Brief: Retype the listing exactly as it stands, and keep every image out.

Recorded data:
----
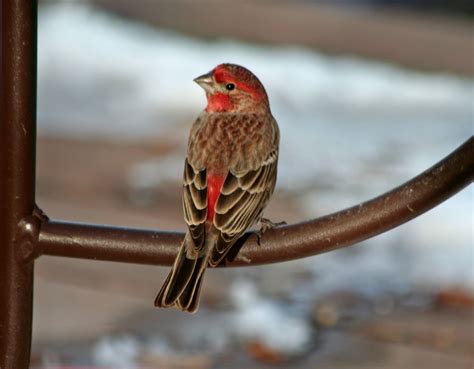 Room Without Walls Red House Finch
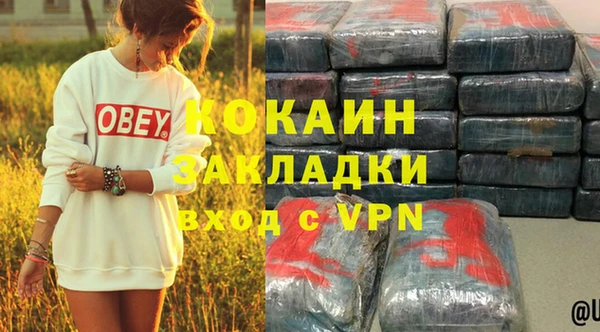 дживик Надым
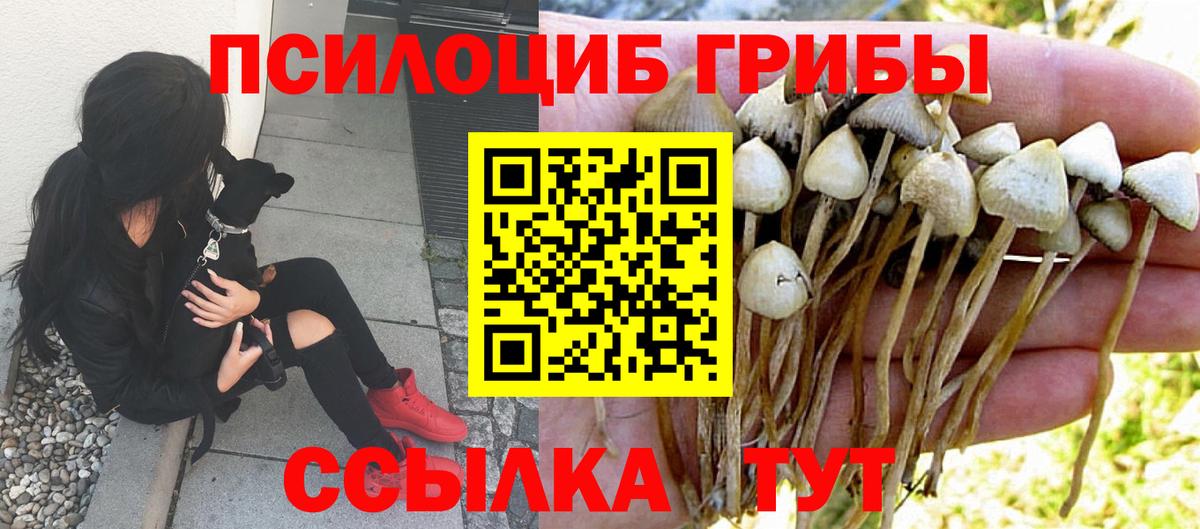 Псилоцибиновые грибы GOLDEN TEACHER Раменское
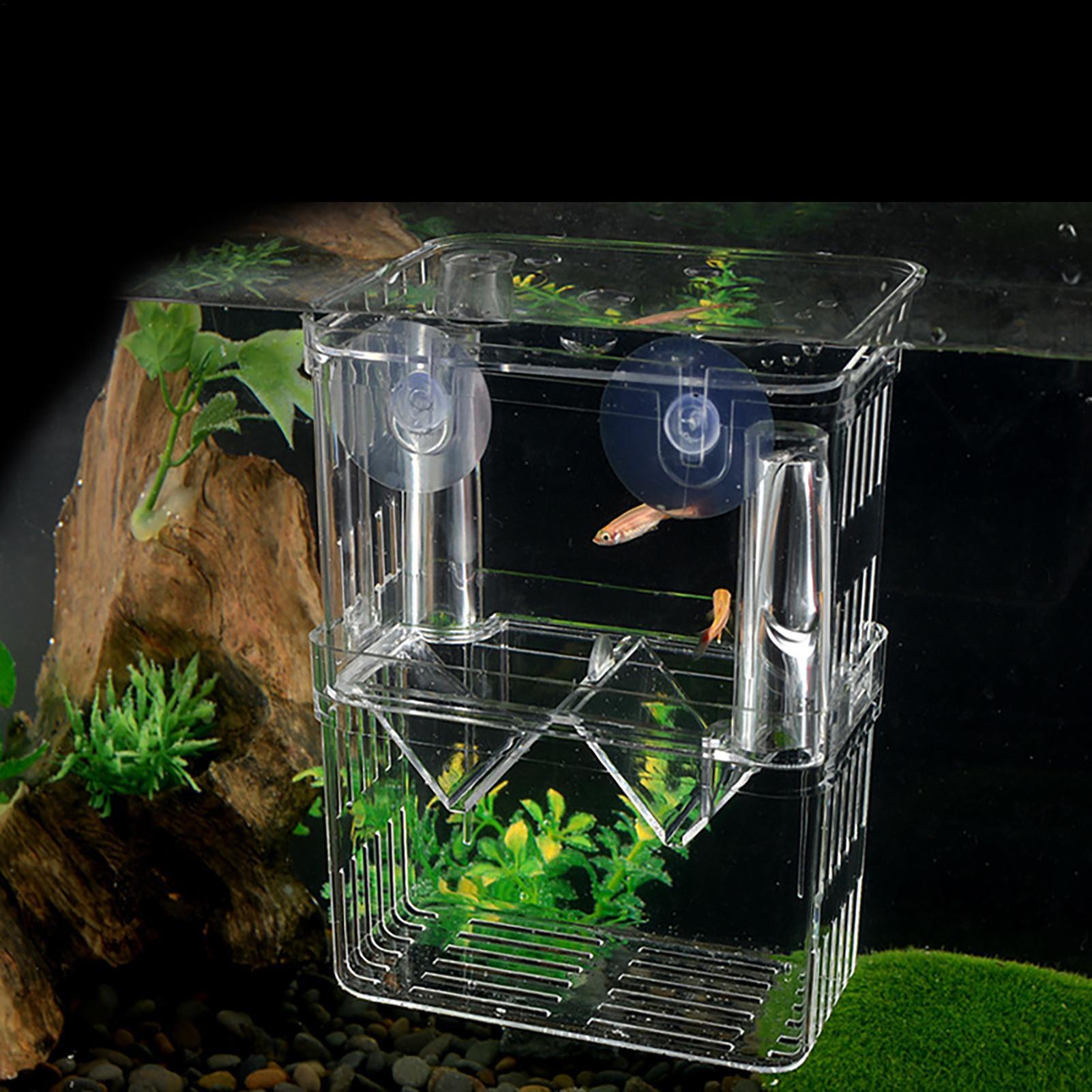 Balık Tankı için Yetiştirici K - Aquarium Fish In Bowl incelemesi ve fiyatı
----
Written answer:
 Room Without Walls Red House Finch
 дживик Надым
 Псилоцибиновые грибы GOLDEN TEACHER Раменское
 Balık Tankı için Yetiştirici K - Aquarium Fish In Bowl incelemesi ve fiyatı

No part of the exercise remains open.